Fluid Simulation going through obstacle

I’m currently trying to make a bowl with water in it. So I cut off the top of a sphere, put another sphere on top of it and scaled it a little down, took a cube and set it all up (fluid domain, fluid and fluid obstacle). After baking I got this (around frame 100):



So why does the fluid don’t flow into the bowl?

I assume the game is for us the guess all the fluid settings you have set for the fluid, domain and all obstacles rather than just supply a link to your .blend file we could just look at.

Check the object face normals are pointing in the correct direction.
Apply scale to all objects
Does the fluid go through the obstacle or pours over the top of it (check if obstacle is set to a volume or shell
Vary domain resolution (also set to show the final resolution and not the draft resolution)

So I guessed it on my own, I had to turn the Volume Initialization type from the bowl to shell but thank you for answering :slight_smile:

I have a similar question - in my case the fluid penetrates the thin walls during splash regardless of whether I use only the walls I mean or add a different, thicker mesh. Resolution is at 200 already, I don’t think I want to go too high on that. To avoid making a new thread I put it here.

http://pasteall.org/blend/index.php?id=47836

If you are having trouble with fluid passing through thin walls during a fluid simulation then you can disable “Remove air bubbles” in the Fluid Boundary settings for your Domain object.

If you are rendering an opaque object, such as a coffee mug, then no further steps should be required.

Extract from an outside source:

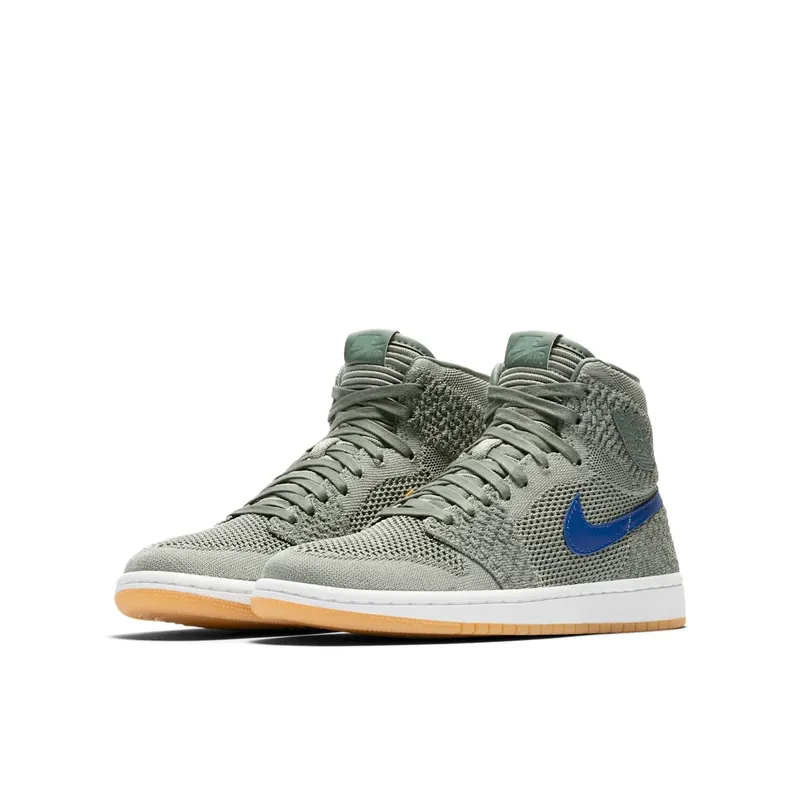 Jordan 1 Retro High Flyknit Clay Green (GS) Clay Green/White-Hyper Cobalt-Gum Yellow (919702-333)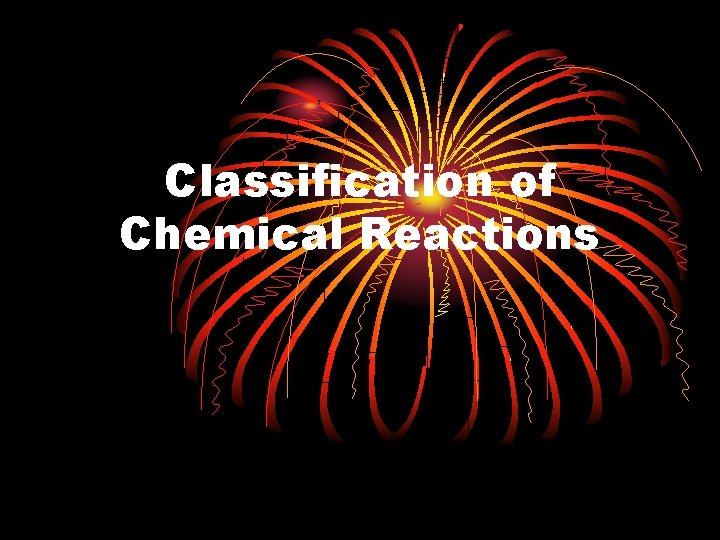 Classification of Chemical Reactions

If you are rendering a transparent object, then it is possible that you will also need to increase your Resolution settings, otherwise you will indeed have “air bubbles” in your render. The “remove air bubbles” setting is a great idea, but unfortunately it seems to work very poorly.

The below image has “remove air bubbles” turned off and Final resolution set to 32. You can clearly see the air pockets (the interior of the cup is just a slightly curved cylinder, not that weird shape).

I’ve done a few tests with this scene, and the air pockets remain all the way up to 128 resolution, but they are barely noticeable. At 256 resolution, they are not noticeable, but fluid simulation is very slow.

This may have something to do with how many times my cup has been subdivided. My guess is that the air bubbles go away once the surface geometry of the water is smaller than the surface geometry of the interior of the cup. That’s just a guess though, and I have not tested it.